• Source: Dan Jack Combs
    • Dan Jack Combs (August 22, 1924 – May 25, 2002) was a justice of the Kentucky Court of Appeals from 1983 to 1989 and the Kentucky Supreme Court from 1989 to 1993.
      Combs rose to national prominence by successfully defending Appalachian Volunteers Margaret and Alan McSurely against charges of sedition in a case that took 15 years to fully adjudicate. After a long legal career, Combs unseated incumbent Elijah M. Hogge for a seat on the Kentucky Court of Appeals. In 1989, he challenged incumbent James B. Stephenson for his seat on the Kentucky Supreme Court. During the campaign, he attacked some of Stephenson's previous opinions in violation of a state judicial code that forbade judicial candidates from stating opinions related to cases they might later be asked to rule on. After the election, which Combs won, he was suspended for three months for violating the code, but the suspension was not carried out because Combs appealed the constitutionality of the code and eventually succeeded in overturning it.

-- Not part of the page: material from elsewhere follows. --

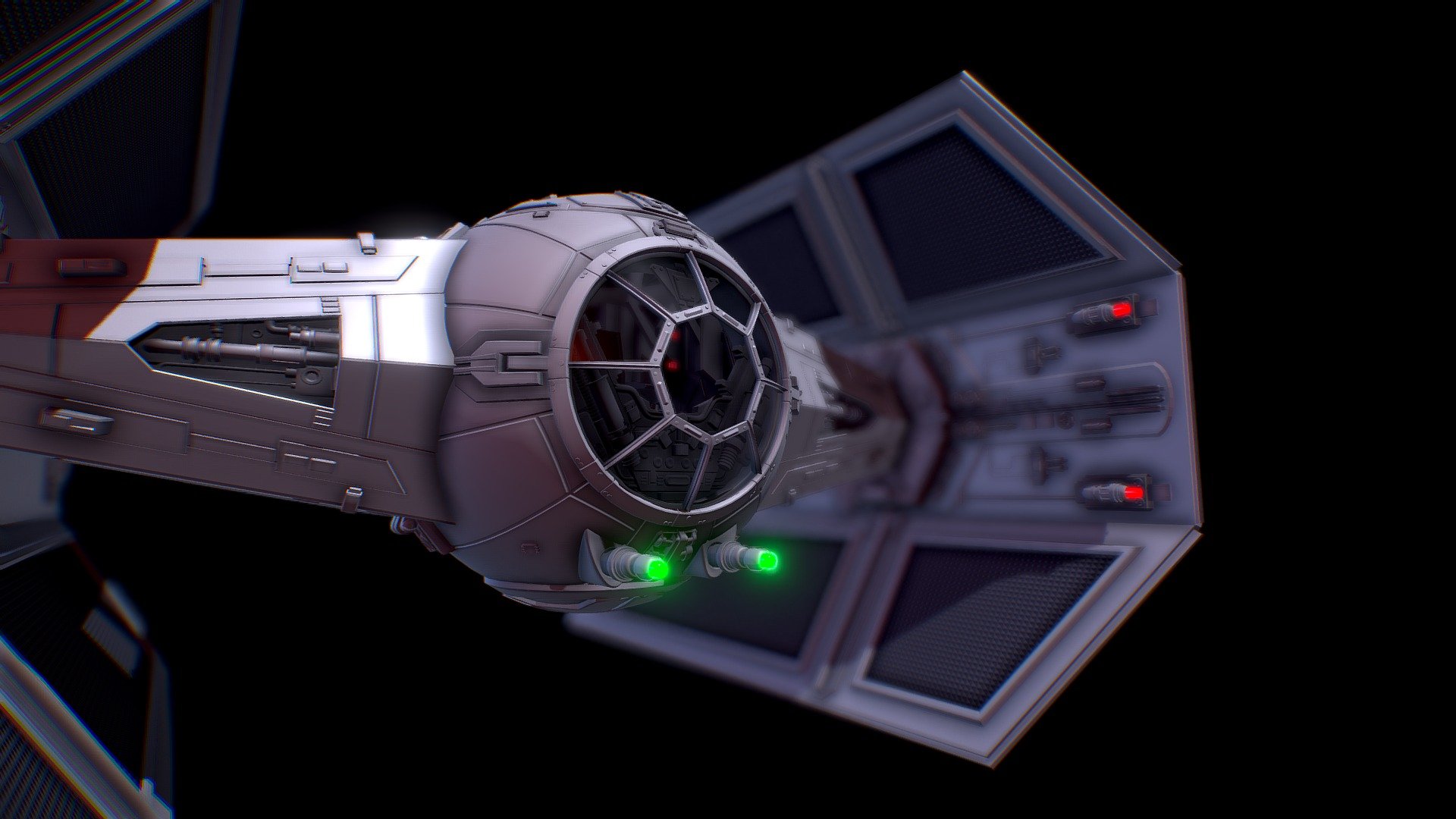I try to make my own 3d model of the TIE fighter of Darth vader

      Throughout his tenure on the court, Combs was known as being sympathetic to unpopular litigants and causes. He retired from the court in 1993, citing ill health stemming from a motorcycle accident and two strokes. In retirement, he was twice arrested on marijuana-related charges. He admitted using the drug medicinally to help with insomnia and became an advocate for its legalization. He died at home on May 25, 2002.


      Early life and family


      Combs was born August 22, 1924, in Floyd County, Kentucky, to Albert Ghent and Hettie Gilliam Combs. His father worked in the coal mines and was killed in a rockfall, leaving his mother to raise him and his four siblings.
      Combs served in the United States Naval Air Corps during World War II and was discharged in 1947. After helping combat flooding near the town on Betsy Layne, Combs and some friends purchased a bottle of whisky before returning home. Although Combs said he had only taken one drink, he was arrested for public intoxication; he said he believed his muddied appearance led the arresting constable to assume he was drunk. In jail, he decided to forego re-enlistment in the Navy and enter the legal profession to correct what he saw as injustices in the legal system. After completing a law curriculum at Cumberland University in Lebanon, Tennessee, he was admitted to the bar in 1951 and began practice in his native Eastern Kentucky. He received his juris doctor degree from Samford University's Cumberland School of Law in 1969.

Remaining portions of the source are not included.